- **What to do**: Retype the lines from the first one in the records down to the line containing "Model is wearing", counting both, and leave out any pictures.

- **Information supplied**:

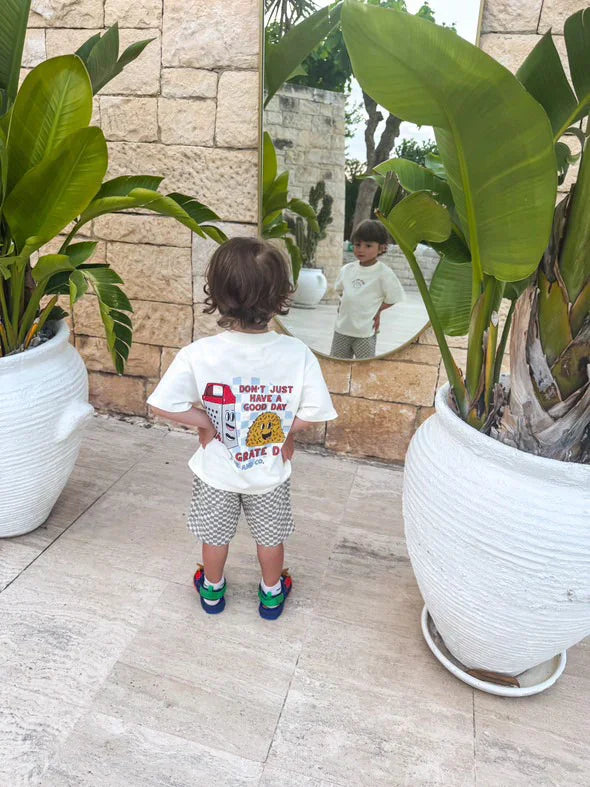 Young child in Beck and Co. streetwear graphic tee stands between potted plants, looking into a mirror outdoors.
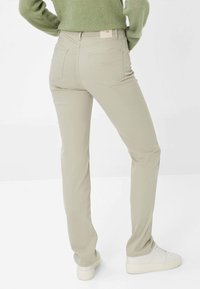 Pantalons droit beige clair en mélange de coton, dotés de poches arrière et d'une étiquette sur la taille. Portés avec des baskets blanches.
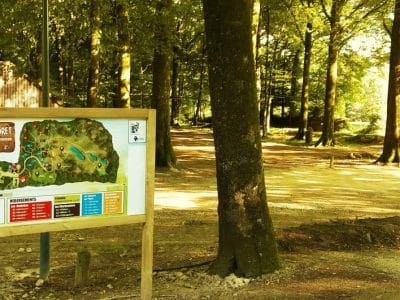 Hébergement insolite en forêt en Basse-Normandie, avec un panneau dactivités coloré.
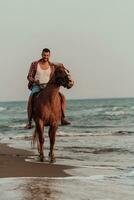 un' moderno uomo nel estate Abiti gode equitazione un' cavallo su un' bellissimo sabbioso spiaggia a tramonto. selettivo messa a fuoco foto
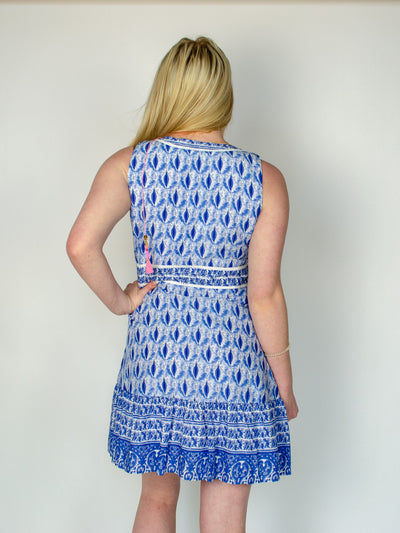 Model is wearing a white and blue patterned midi dress with a V neck neckline and pink tassel details. Dress is paired with white sneakers.  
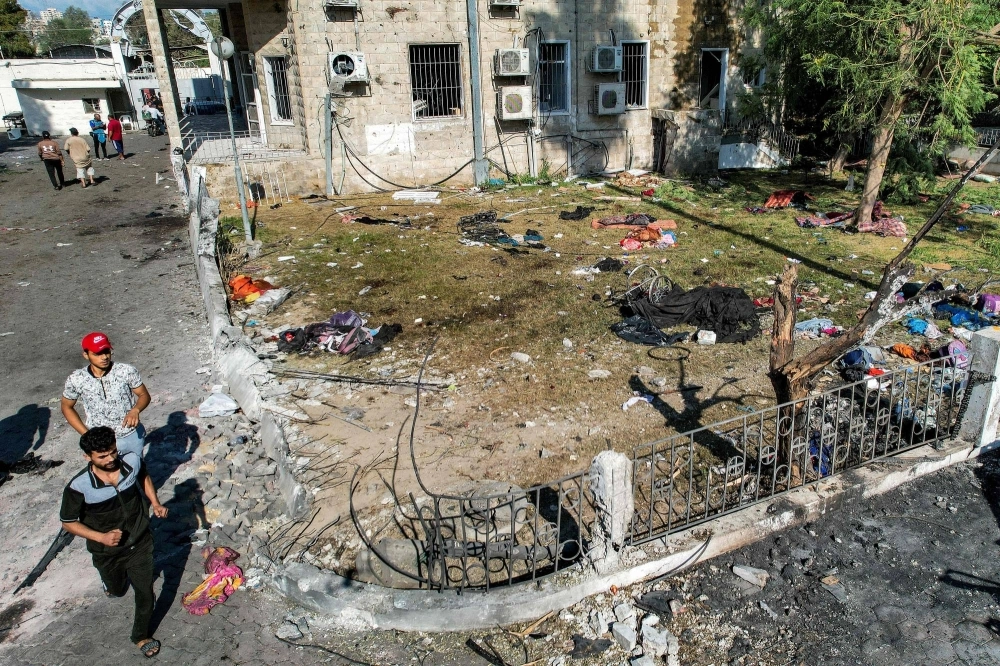 The site of the al-Ahli Arab Hospital after a blast ripped through the facility on Tuesday. The site of the al-Ahli Arab Hospital after a blast ripped through the facility on Tuesday.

- **Result**:
 Young child in Beck and Co. streetwear graphic tee stands between potted plants, looking into a mirror outdoors.
 Pantalons droit beige clair en mélange de coton, dotés de poches arrière et d'une étiquette sur la taille. Portés avec des baskets blanches.
 Hébergement insolite en forêt en Basse-Normandie, avec un panneau dactivités coloré.
 un' moderno uomo nel estate Abiti gode equitazione un' cavallo su un' bellissimo sabbioso spiaggia a tramonto. selettivo messa a fuoco foto
 Model is wearing a white and blue patterned midi dress with a V neck neckline and pink tassel details. Dress is paired with white sneakers.  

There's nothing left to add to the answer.